43.1.1.2. Tokens do not have any conditions on contiguity#

#Using pure python

import re

def generate_ngrams(text, n):
    # Convert to lowercases
    text = text.lower()
    
    # Replace all none alphanumeric characters with spaces
    text = re.sub(r'[^a-zA-Z0-9\s]', ' ', text)
    
    # Break sentence in the token, remove empty tokens
    tokens = [token for token in text.split(" ") if token != ""]
    
    # Use the zip function to help us generate n-grams
    # Concatentate the tokens into ngrams and return
    ngrams = zip(*[tokens[i:] for i in range(n)])
    return [" ".join(ngram) for ngram in ngrams]

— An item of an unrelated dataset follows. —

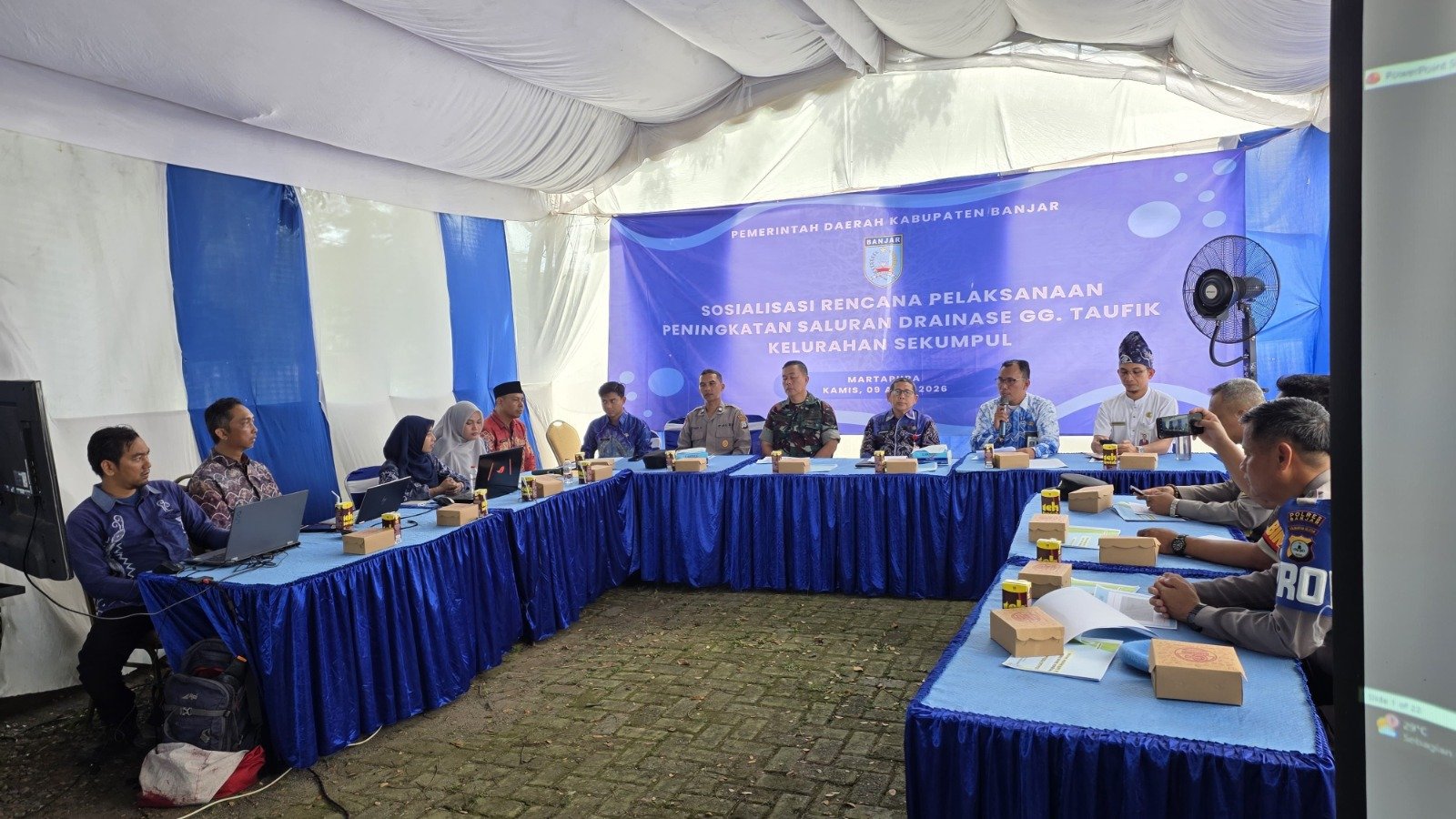 Sosialisasi Peningkatan Drainase Gang Taufik, Upaya Nyata Atasi Genangan Di Sekumpul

text = "Hello everyone. Welcome to Intro to Machine Learning Applications. We are now learning important basics of NLP."
print(text)
generate_ngrams(text, n=2)
#Using NLTK import ngrams

import re
from nltk.util import ngrams

text = text.lower()
text = re.sub(r'[^a-zA-Z0-9\s]', ' ', text)
tokens = [token for token in text.split(" ") if token != ""]
output = list(ngrams(tokens, 3))
print(output)
#Text Normalization

#Lowercasing
text = "Hello everyone. Welcome to Intro to Machine Learning Applications. We are now learning important basics of NLP."
lowert = text.lower()
uppert = text.upper()

print(lowert)
print(uppert)
#Text Normalization
#stemming
#Porter stemmer is a famous stemming approach

from nltk.stem import PorterStemmer 
from nltk.tokenize import word_tokenize 
   
ps = PorterStemmer() 
  
# choose some words to be stemmed 
words = ["hike", "hikes", "hiked", "hiking", "hikers", "hiker"] 
  
for w in words: 
    print(w, " : ", ps.stem(w)) 
from nltk.stem import PorterStemmer 
from nltk.tokenize import word_tokenize 
import re
   
ps = PorterStemmer() 
text = "Hello everyone. Welcome to Intro to Machine Learning Applications. We are now learning important basics of NLP."
print(text)


#Tokenize and stem the words
text = re.sub(r'[^a-zA-Z0-9\s]', ' ', text)
tokens = [token for token in text.split(" ") if token != ""]

i=0
while i<len(tokens):
  tokens[i]=ps.stem(tokens[i])
  i=i+1

#merge all the tokens to form a long text sequence 
text2 = ' '.join(tokens) 

print(text2)
Hello everyone. Welcome to Intro to Machine Learning Applications. We are now learning important basics of NLP.
hello everyon welcom to intro to machin learn applic We are now learn import basic of nlp
from nltk.stem.snowball import SnowballStemmer
from nltk.tokenize import word_tokenize 
import re
   
ss = SnowballStemmer("english")
text = "Hello everyone. Welcome to Intro to Machine Learning Applications. We are now learning important basics of NLP."
print(text)


#Tokenize and stem the words
text = re.sub(r'[^a-zA-Z0-9\s]', ' ', text)
tokens = [token for token in text.split(" ") if token != ""]

i=0
while i<len(tokens):
  tokens[i]=ss.stem(tokens[i])
  i=i+1

#merge all the tokens to form a long text sequence 
text2 = ' '.join(tokens) 

print(text2)
Hello everyone. Welcome to Intro to Machine Learning Applications. We are now learning important basics of NLP.
hello everyon welcom to intro to machin learn applic we are now learn import basic of nlp
#Stopwords removal 

from nltk.corpus import stopwords 
from nltk.tokenize import word_tokenize 

text = "Hello everyone. Welcome to Intro to Machine Learning Applications. We are now learning important basics of NLP."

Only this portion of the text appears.